63歳のミステリー作家の書く若者のファンタジー作品。はたしてどんな本でしょうか。

ここからは作品のネタバレが含まれます。未読の方はご注意ください!

登場人物に対して最後まで感情移入ができなかった

この本の主要登場人物は少ないです。

主人公は受験が終わった中学3年生男子の尾垣真、中学生女子の城田珠美、社会人で生涯漫画アシスタントのパクさん。そして過去に神隠しにあった中学生の女の子伊音の4人。あとは保護者が舞台装置程度に存在するレベル。

でこの主人公たちに感情移入ができず、結果話もあまり楽しめませんでした。

「壁」という独特なあだ名を持つ主人公

主人公の真は「壁」と呼ばれているいじめ、まではいかなくともクラスのいわゆる隠キャ。「会話していてもテニスの壁打ちをしているみたいに反応がない」ところが所以。この設定は面白いというか、ちょっと変わったあだ名と性格で興味が湧きました。少なくとも僕の知るお話で「壁」なんて呼ばれているキャラクタはいないし、この性格が物語にどう影響していくのかが楽しみになりながら本のページを読み進めました。

しかし、この真はいじめられっ子でいつも静かに絵を描いている城田との会話では「壁」どころかガンガン会話を打ち込んでいくのです。割と序盤から。というか女子に対して「お前」呼ばわりしたり、とてもじゃないけど「壁」という称号を冠した人間とは思えない。

え?壁要素はどこいった?これ結構序盤だしこんな性格なら「壁」なんて言われないのでは?いじめられっ子には強気に本音で話せるの?個性がないと自認しているけど全くそんな性格だとは思えませんでした。

中学生にしては精神年齢が高い!けど言動や行動は感情的すぎる

真の精神年齢が妙に高いのが気になりました。文章で書かれている真の心の中の言葉や感想の言語化レベルの高さ。そして比喩表現など全体的に語彙力が異様に高いのです。

なのに発する言葉は稚拙で、行動は感情的。

「これが思春期だ」と言われたらそうなのかもしれませんが「頭でっかちで自己中心的で現実では何もできない、けど人をどこか見下している」という人間を僕は最後まで好きになれなかった。

これは多分僕がターゲットの本ではなかった。それだけだと思っています。

この「壁」は好きなことも特になさそうで何を楽しみに生きているのかがわからず、人間味が感じられない。このせいで最後まで話を読んでいても感情移入できずでした。

社会人のパクさんもなかなかきつい・・・

同じ社会人として、パクさんの子供みたいな性格もなかなかキツかった。

よく言えば「童心を忘れない、遊びに全力になれる大人」とも言えるかもしれません。でもこの人、仕事もおやすみしていて社会貢献していない状況で子供と遊んでいるんですよね。心の病で働けなくなってしまった、とのことで理由はあるのだけど、そんな人が現状を棚上げして中学生と不思議な世界で遊んでいる。このアンバランス感が気になって仕方なかったのです。
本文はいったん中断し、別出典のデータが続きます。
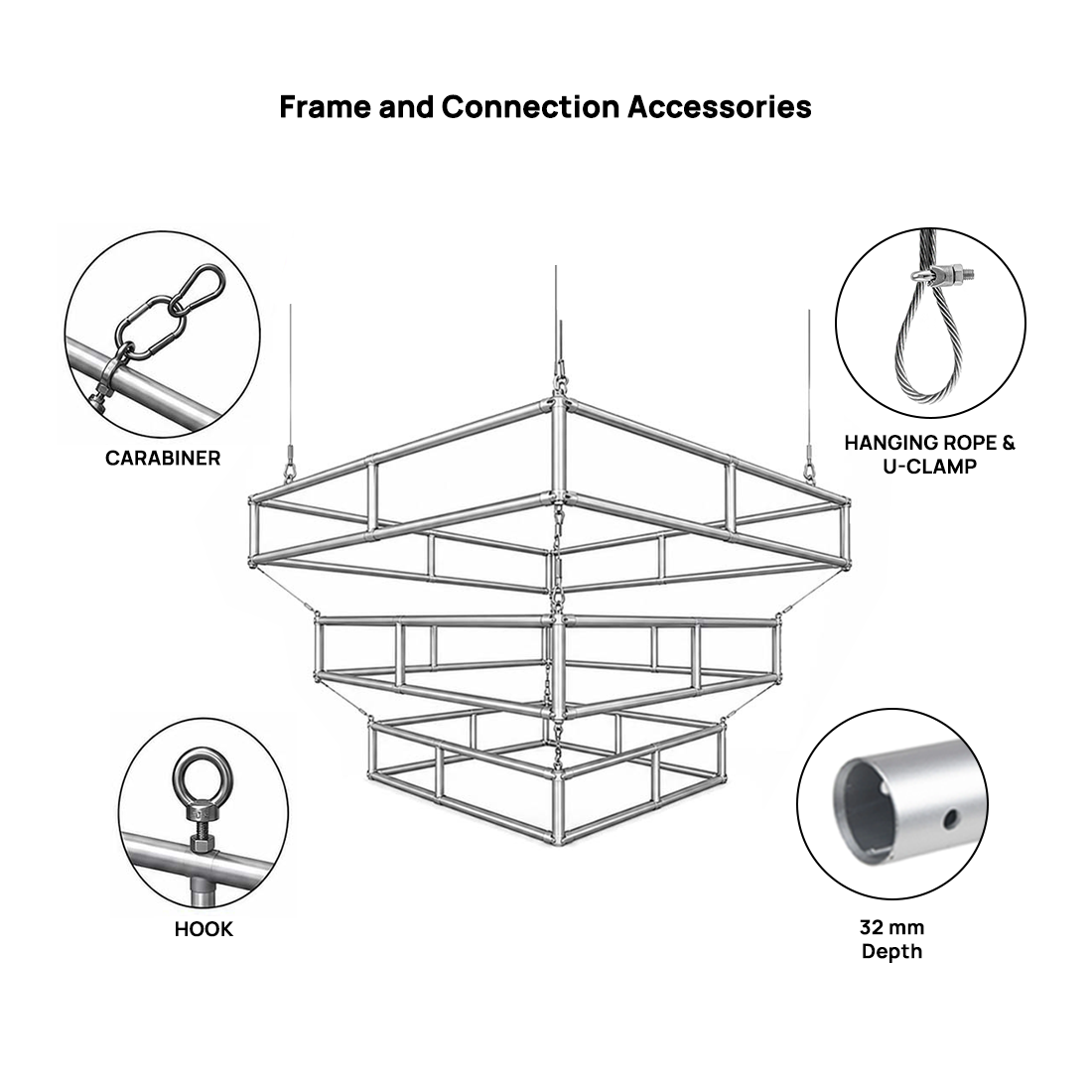 Tiered Square Hanging Banner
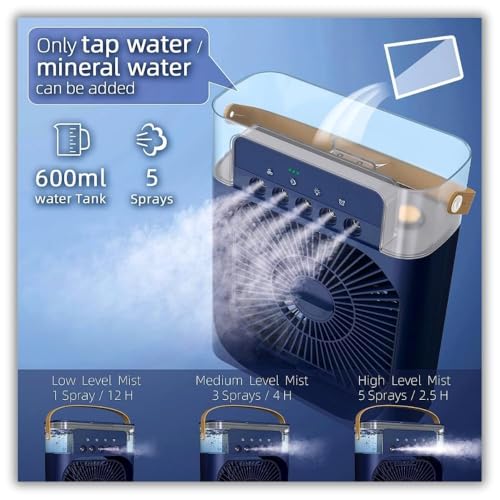 Image of DRUMSTONE Luxurious 5 Year Warranty Portable Mini Air Cooler with Humidifier & Mist Spray 3-Speed Personal Desk Fan 7-Color LED Night Light Timer Function USB Evaporative Cooling Fan for Home & Office
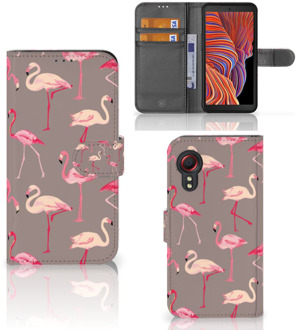 B2Ctelecom Hoesje met naam Samsung Galaxy Xcover 5 Wallet Book Case Flamingo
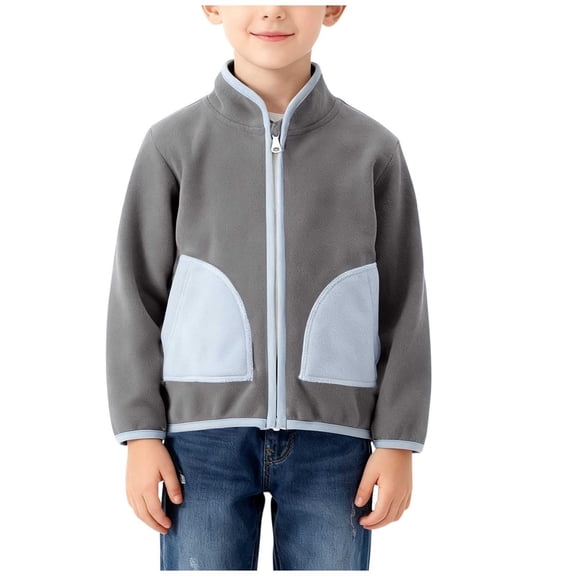 Posijego Little Boys Fleece Jackets with Pockets Boys Stand Collar Zipper Warm Long Sleeve Casual Outerwear Coats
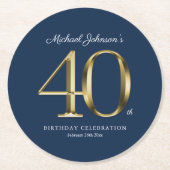 Navy Blue Gold Custom 40e verjaardagsfeestje Ronde Kartonnen Onderzetter (Voorkant)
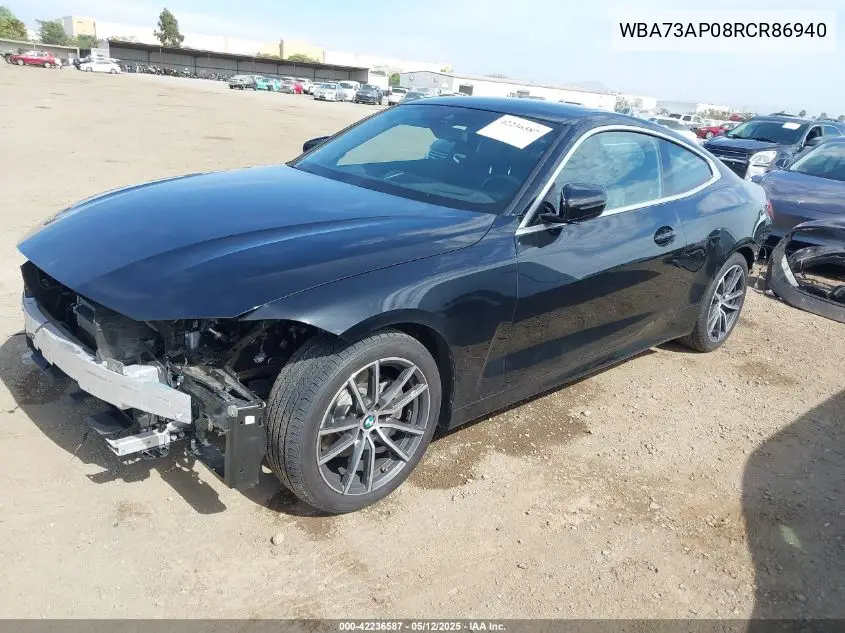 2024 BMW 4 Series 430I xDrive VIN: WBA73AP08RCR86940 Lot: 42236587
この問題とも向き合うイベントはありましたがあまりに納得感がなく、もやっとした感情が最後まで残りました。よもや世界が変わることで自分の境遇もかわらないかと期待するのも残念で、この歳にもなって自分ではなく世界が変わることを期待して受け身でいることが残念な大人でした。
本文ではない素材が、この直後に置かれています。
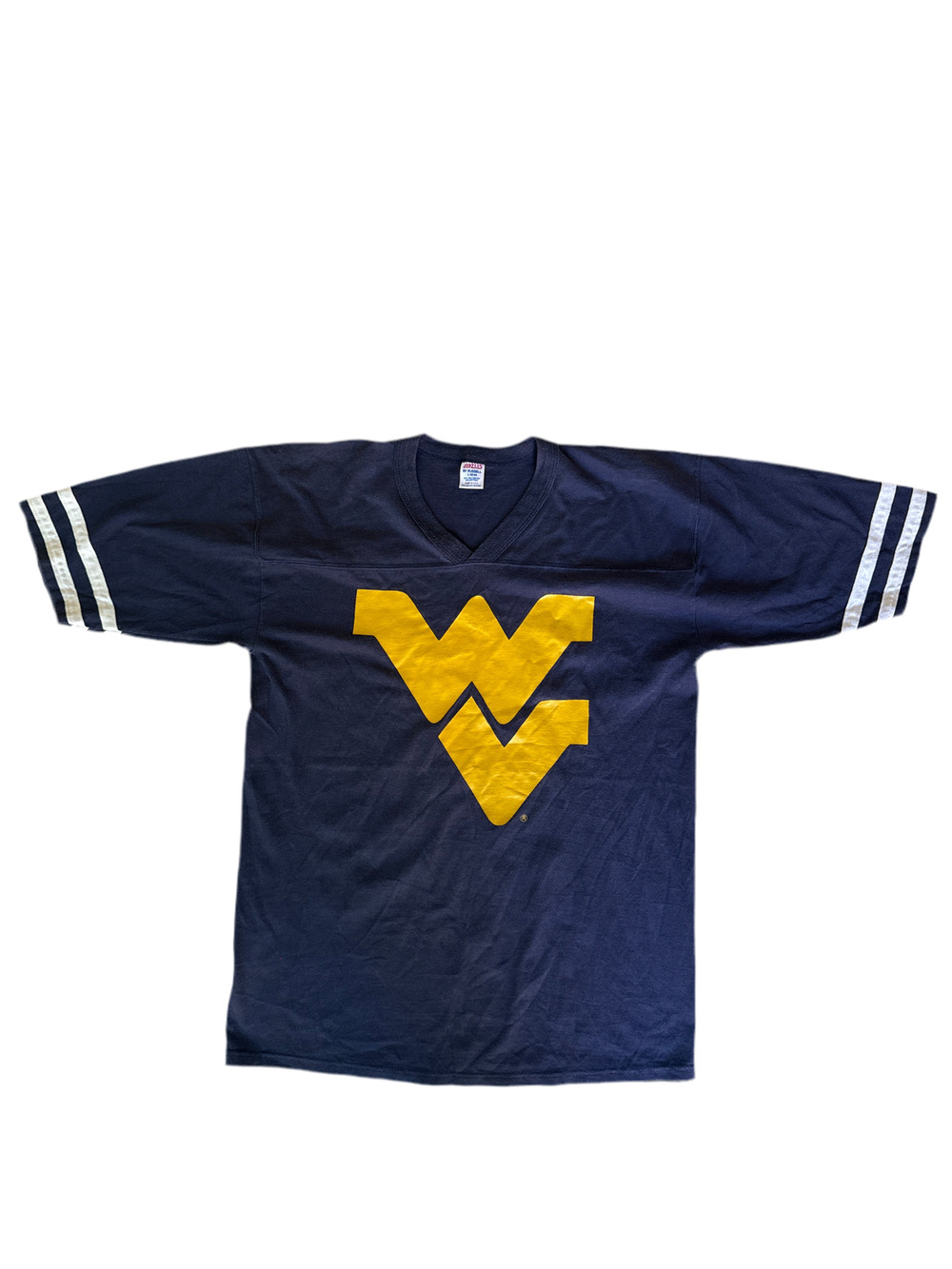 Vintage 80s West Virginia Mountaineers Jersey Tee Jerzees by Russell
確かに、現実は物語と違って簡単に人間は変わらない。けどファンタジーの世界でここだけリアルにする意味が僕にはわからなかった。

女子中学生城田の解像度は高い

男子と違い、女子の城田については解像度が高くて読んでいて好きになるキャラクタでした。

親が交通事故で亡くなり、義母とはうまくやっていけていない。学校では虐められているという現実とも(表向きは)向き合って折り合いをつけて生きている。自分の好きな美術を楽しんで完成された世界で生きていることができている人物です。多分主人公の真やパクさん、そして不思議な絵と出会わなくてもちゃんと生きていける強い人間だと感じました。

絵を改変することで今の現状が変えるという望みも持っており、感情移入できるキャラクタでした。

個人的には城田を主人公でこの話を読みたかった。

「お城の絵の世界」をもっと知りたかった

この本は「お城の絵の世界」こそがファンタジーの親玉です。絵に自分が入れるだけでなく、オブジェクトを絵に描き込むことで持ち込めるという異世界ファンタジーでした。

自分自身ではなく自分のアバターは何にでもなれるのはなかなかない発想で面白かった。

だからこそこの仕組みをもっと掘り下げて欲しかった。パクさんが経験者として色々と検証していたようですがもっと探検してこの世界を知りたかった。お城に閉じ込められている少女を助けるために世界を攻略していくような話だと期待したのです。しかしこの本では絵の中よりも現実世界の話がメインで進みます。

過去にDV被害を受けており失踪してしまった少女伊音の過去の話にフォーカスがむき、「どう精神的に少女を助ければ良いのか」を考える話になってしまいました。

僕はもっと絵の世界の話を読みたいのに「当時、少女はどんな状況でどう虐められていたのか」をOB/OGなど関係者に聞いて回ったりと野次馬状態。多分ミステリー作家だからというのもあるのでしょうが、聞き込みフェーズが結構長いと感じました。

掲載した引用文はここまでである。